We all have baggage because we have all been uniquely hurt. Our worldviews are skewed, our self-views are twisted, and our view of God is off-center. How could they not be? We are born into a world steeped in sin, sin that affects our very souls, sin that distorts our understanding of the world.

And God hates it. He hates how sin harms our core and he wants to relieve us of the burden. But it won’t be pretty and it won’t be easy. Much like pulling out a suitcase that has been hidden away for years, it may be filled with rat droppings and massive spiders, smelling of mold. But because of his love for us, God will not stand idly by and watch us suffer under the weight forever.

God is a God of healing. He is always for us and never against us. And while we are traveling through the world, desiring to share the good news with others, we ought not forget that our own personal testimony is not over yet. God is still working to expose, clean and bandage old wounds along with new wounds because his love for you and me is immeasurable. The healing he will bring to our broken hearts will testify of a God unlike any other, as he is jealous for us, working to reveal his created work of art.

In Luke 15, Jesus tells the parable of the lost sheep. You know the one, the one that tells us God will leave the 99 in search of the one that’s lost. I’ve spent time angry at that parable and angry with that Jesus because I felt abandoned by him. As a child of his I’ve thought I was one of the 99, that in the grand scheme of God’s plan, his desire is to seek and find the one who is lost, leaving me behind in a crowd of many. Already won and therefore no longer sought.

It’s not true. Whether we are Muslim, Jewish, Buddhist, Hindu, Atheist or Christian, we are all the lost sheep, the one that Christ seeks to save, to protect, and to heal. God’s love for us is relentless and while we are exerting our energy in hopes of seeing others come to faith he is intent on pursuing us also. God does not desire your sacrifice; he desires to heal your soul.   

Do you believe that God requires sacrifice as evidence of faith? Do you believe that God is after the healing of your heart just as much as the healing of an unbeliever? 

2 Comments

  1. Sarah Hilkemann July 26, 2019

    What beautiful, wise words, Joy! Thank you for sharing honestly and vulnerably, and also challenging us to think about the baggage that we don’t even realize we need to deal with.

    There’s a scene in a movie about a Jesuit cross-cultural worker to South America in the 18th-century (it includes the “m” word in the title so I won’t include that here) that resonates so much with what I picture God wanting to do for me. One of the main characters carries a very heavy pack into enemy territory as penance. But when he reaches the top of the mountain, expecting further punishment, instead those he thought were his enemy cut away the pack and it falls away.

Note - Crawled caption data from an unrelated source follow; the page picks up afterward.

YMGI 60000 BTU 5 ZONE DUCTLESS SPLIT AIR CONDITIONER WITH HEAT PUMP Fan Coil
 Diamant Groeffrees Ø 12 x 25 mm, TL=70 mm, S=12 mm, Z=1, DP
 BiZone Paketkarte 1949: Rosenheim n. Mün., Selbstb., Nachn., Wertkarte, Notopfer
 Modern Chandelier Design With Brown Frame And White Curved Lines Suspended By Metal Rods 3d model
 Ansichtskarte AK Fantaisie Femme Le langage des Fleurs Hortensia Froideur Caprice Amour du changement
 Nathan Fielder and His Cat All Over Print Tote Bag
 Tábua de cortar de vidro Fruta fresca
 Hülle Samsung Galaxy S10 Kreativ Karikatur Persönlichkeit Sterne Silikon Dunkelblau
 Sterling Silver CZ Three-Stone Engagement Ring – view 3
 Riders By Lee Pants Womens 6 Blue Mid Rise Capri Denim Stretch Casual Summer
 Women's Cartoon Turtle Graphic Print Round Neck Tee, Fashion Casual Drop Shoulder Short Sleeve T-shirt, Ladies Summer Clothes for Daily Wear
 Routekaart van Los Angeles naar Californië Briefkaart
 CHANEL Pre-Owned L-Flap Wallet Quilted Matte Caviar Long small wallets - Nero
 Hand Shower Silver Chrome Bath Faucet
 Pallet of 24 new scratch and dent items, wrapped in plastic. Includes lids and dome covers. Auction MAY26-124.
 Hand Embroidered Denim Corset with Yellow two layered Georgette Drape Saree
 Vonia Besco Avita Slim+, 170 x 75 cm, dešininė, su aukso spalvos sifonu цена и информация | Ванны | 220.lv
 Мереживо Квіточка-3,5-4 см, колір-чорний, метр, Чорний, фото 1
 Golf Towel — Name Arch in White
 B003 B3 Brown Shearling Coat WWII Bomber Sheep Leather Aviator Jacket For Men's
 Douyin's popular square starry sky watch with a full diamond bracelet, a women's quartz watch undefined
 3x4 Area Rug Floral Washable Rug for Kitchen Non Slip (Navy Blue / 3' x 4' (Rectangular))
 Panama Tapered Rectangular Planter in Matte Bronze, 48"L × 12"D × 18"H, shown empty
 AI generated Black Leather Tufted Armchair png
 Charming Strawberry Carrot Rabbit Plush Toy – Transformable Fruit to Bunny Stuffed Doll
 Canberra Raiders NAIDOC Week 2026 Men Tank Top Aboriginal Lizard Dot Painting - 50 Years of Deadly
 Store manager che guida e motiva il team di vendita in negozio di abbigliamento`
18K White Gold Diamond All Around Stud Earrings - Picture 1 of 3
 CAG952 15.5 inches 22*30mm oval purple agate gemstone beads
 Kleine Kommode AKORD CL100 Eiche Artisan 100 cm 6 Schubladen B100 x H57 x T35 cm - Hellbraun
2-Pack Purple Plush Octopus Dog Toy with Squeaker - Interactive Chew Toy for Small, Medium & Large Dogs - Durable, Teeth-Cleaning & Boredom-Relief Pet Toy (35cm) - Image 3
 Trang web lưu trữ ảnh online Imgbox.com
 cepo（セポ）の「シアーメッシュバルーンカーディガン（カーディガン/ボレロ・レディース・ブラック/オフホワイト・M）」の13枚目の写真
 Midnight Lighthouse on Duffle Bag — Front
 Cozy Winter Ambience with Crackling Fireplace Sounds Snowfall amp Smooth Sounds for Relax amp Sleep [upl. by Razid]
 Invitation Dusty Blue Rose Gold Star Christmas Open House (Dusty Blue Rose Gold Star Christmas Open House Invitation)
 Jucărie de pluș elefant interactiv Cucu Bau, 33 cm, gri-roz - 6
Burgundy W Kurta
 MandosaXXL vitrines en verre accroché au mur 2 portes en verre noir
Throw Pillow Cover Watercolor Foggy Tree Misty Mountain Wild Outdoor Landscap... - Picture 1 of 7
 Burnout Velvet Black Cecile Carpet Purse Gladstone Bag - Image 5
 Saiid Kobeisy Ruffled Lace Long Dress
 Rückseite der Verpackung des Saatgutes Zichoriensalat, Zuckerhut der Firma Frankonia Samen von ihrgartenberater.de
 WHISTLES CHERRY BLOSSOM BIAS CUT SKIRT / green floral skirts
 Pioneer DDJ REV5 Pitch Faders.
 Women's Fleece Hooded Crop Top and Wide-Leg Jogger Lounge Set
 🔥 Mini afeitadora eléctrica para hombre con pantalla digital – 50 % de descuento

    I don’t even realize the heavy burdens I’m carrying (like you shared, what I think Jesus expects of me, what I think is expected of me in Kingdom worker circles), but I picture the Father cutting away that baggage and sending it back down the mountain. Your post is challenging me to ask the Lord to reveal those areas where I need his help and healing to let go of the baggage, and to be intentional about not taking on more baggage that I don’t need. Thank you!!

    1. Joy Smalley July 29, 2019

      I love that image, Sarah. I think I often believe that God is out for punishment when in reality he is out for healing and restoration. The more I know of God, the more I love him and am amazed at what he actually offers my soul. I’ll be praying for you, sister, as you pray for revelation from God.